For those who are unfamiliar with the OCGOP Flag Day Dinner, it has become one of the pinnacle political events for conservative, Republican politicos in California. Politicians scamper to attend and line up to be the featured speaker, an honor that helps with political support but also fundraising. Monday night’s dinner at the Irvine Hyatt was no different in that regard. What was different, however, was the message delivered by the keynote speaker, GOP US Senate candidate from Florida Marco Rubio, and the warm reception he received from event attendees.
Ironically two years ago in 2008 another Floridian, Florida governor Charlie Crist, was virtually booed off stage for overly flattering remarks about California’s Republican-in-name-only governor Arnold Schwarzenegger. His comments were simply out of touch with conservative, Republican voters, especially those in attendance for the event who have little tolerance for the wishy-washy, moderate approach of Arnold. The selection of Crist as a speaker at that time also characterized an era for the GOP hell-bent on moderating, that is, moving to the middle on public policy issues and becoming more like the Democrats. Crist had been invited to speak because at the time he was on moderate John McCain’s short list to be his vice presidential nominee. The Republican Party, after having lost a majority in congress for spending like liberals, was trying to find its soul, or at least some votes, and decided moving leftward would do the trick. It failed of course and now Republicans have moved rightward again led by Tea Party activists is restructuring the GOP. The trajectory of the Flag Day dinner over the last two years is a good example of the party’s shift.
To many, Marco Rubio was one of the early harbingers of the Tea Party movement. He entered the race for the Republican nomination for the senate as a massive underdog against Charlie Crist even though he was clearly the more conservative of the two. With support from Tea Party activists he surged ahead of Crist in the polls forcing the Republican governor to leave the GOP primary and run for governor as an independent. Now Rubio is one of their leading candidates along with Sharron Angle in Nevada. Without a Tea Party movement Rubio’s candidacy would have made little headway. At the Flag Dinner he said when he first decided to run the only “people that believed in me lived in my house.” Now he is one the leaders of a national conservative resurgence.
Rubio’s keynote message was simple: A free market system is crucial to a free society; government is best when it is limited; the world is safer when America is strong. He criticized the new era of expansionist, interventionist government as futile instead stating “American free enterprise has eradicated more poverty than any social program in the world ever has.” And he argued that the Obama administration and the leadership of the Democratic Party are out to “fundamentally redefine the role of government in our lives and the role of America in the world.” He views this November as a referendum on those advances.
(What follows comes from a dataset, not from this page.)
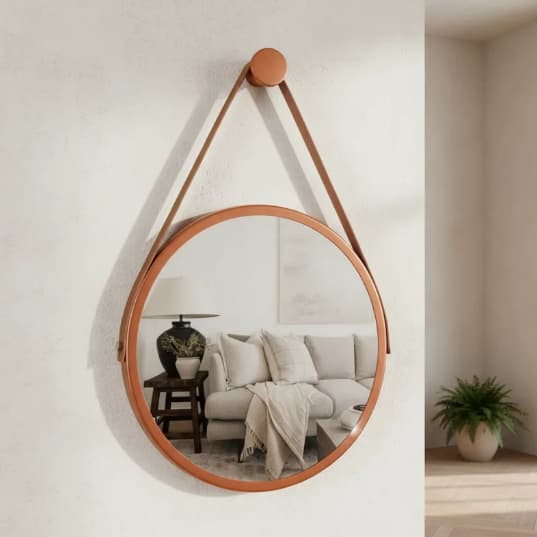 Espelho Redondo Adnet Decorativo Suspenso 60cm com Suporte Cobre e Alça Caramelo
His message was well received.
Much like the GOP convention earlier this year, the event was swarming with political consultants, fundraisers, slate mailers, printers and others who make their money off of elections, in this case the election of Republicans. It makes perfect since for them to be in attendance further substantiating relationships with political party leaders, ingratiating themselves further to elected officials and of course meeting up and comers who might soon be clients. Fortunately, unlike the convention the audience was packed with activists and “angry voters” as OCGOP chairman Scott Baugh referred fondly to them early in the evening.
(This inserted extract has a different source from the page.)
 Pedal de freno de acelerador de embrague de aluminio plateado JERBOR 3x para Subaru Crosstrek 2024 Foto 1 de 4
Aside from Rubio’s speech, excitement was evident among local Orange County Republicans in attendance at the Flag Day dinner who viewed the June 8 election results as a huge victory against powerful public employee unions, specifically the county’s most powerful unions the Orange County Employees Association and the Association of Orange County Deputy Sheriffs. The two unions spent upwards of a million dollars to defeat county Board of Supervisors candidate Shawn Nelson but Nelson won by huge margins. He received the biggest ovation of the evening when he was announced. The local county GOP, led by Baugh, has been at the forefront of the battle against public employee unions and the county of Orange has been leading the charge for pension reforms. On both fronts, local party activists had much to celebrate
From the reception at the Flag Day dinner, Orange County Republican activists are more energized and enthusiastic than they have been in some time. They have lot to be happy about going into November. Momentum is on their side.